In the 20th Century the area underwent major changes. Slum clearances followed the outbreak of bubonic plague in 1900, during the building of Sydney Harbour Bridge and during the 1950’s for the construction of the expressway that cuts through the area leading to the bridge.

In the 1970’s however, there was a kick back by local residents who didn’t want to be forcibly relocated, and who formed The Rocks Residents Group. With the support of Jack Mundey and his New South Wales Builders’ Labourers Federation a “Green Ban” was imposed to stop the demolitions. In 1975, a compromise was reached and the bans were lifted. All buildings north of the Cahill Expressway were to be retained, conserved and restored.

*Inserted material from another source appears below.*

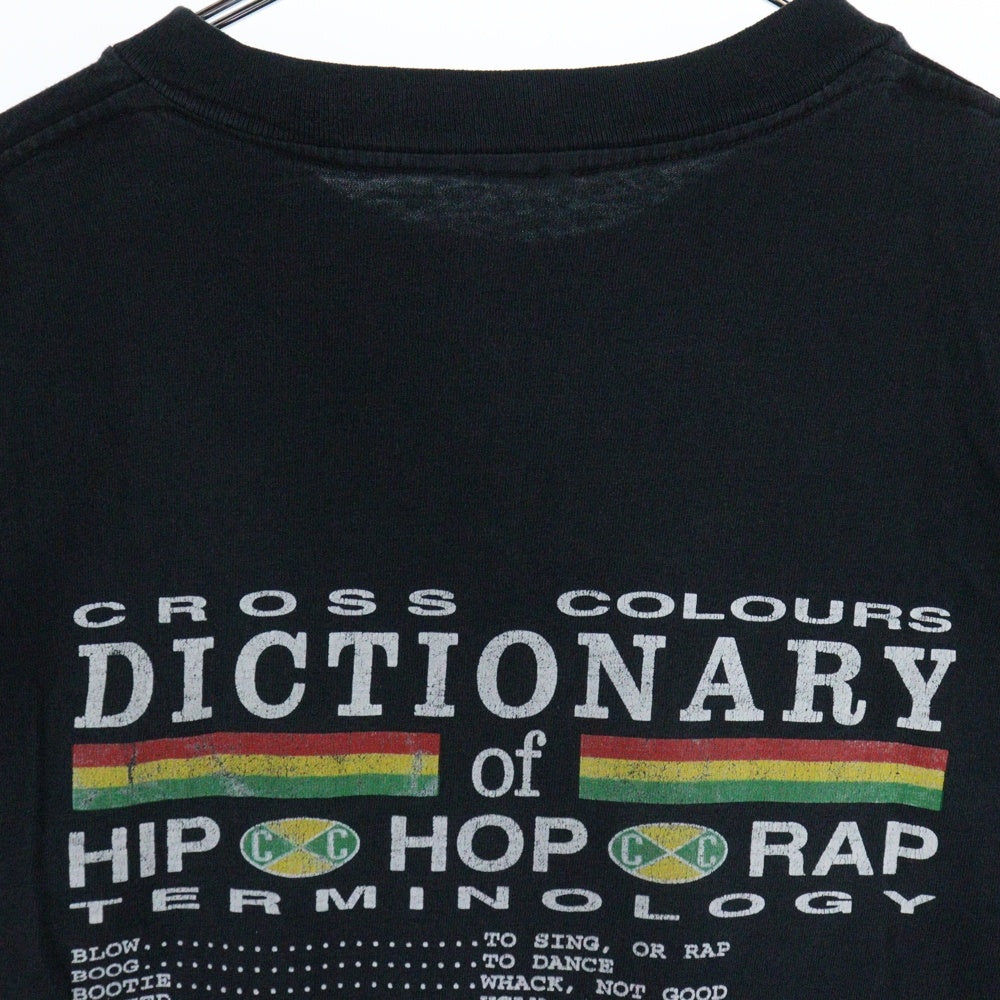 VINTAGE(ヴィンテージ) 90s CROSS COLOURS Dictionary クロスカラーズ 両面プリント 半袖Tシャツ ラップTシャツ カットソー ブラック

Today, the Rocks has undergone “gentrification” with gift shops, galleries, cafes and restaurants bringing in the tourists (including us!), but the area still contains a significant proportion of Housing Commission properties.However, the City Council policy is to sell housing as it becomes vacant to private owners, leading, no doubt, to local people being priced out and the area further gentrified.

There remain a large number of historic buildings in the Rocks, including Susannah Place, a row of four terraced houses built in 1844 which were occupied right up until 1990. We went past the houses, now preserved as a “living museum”,  during our walk over to Miller’s Point on our first day in Sydney. As we couldn’t get on a guided tour, we returned the next day.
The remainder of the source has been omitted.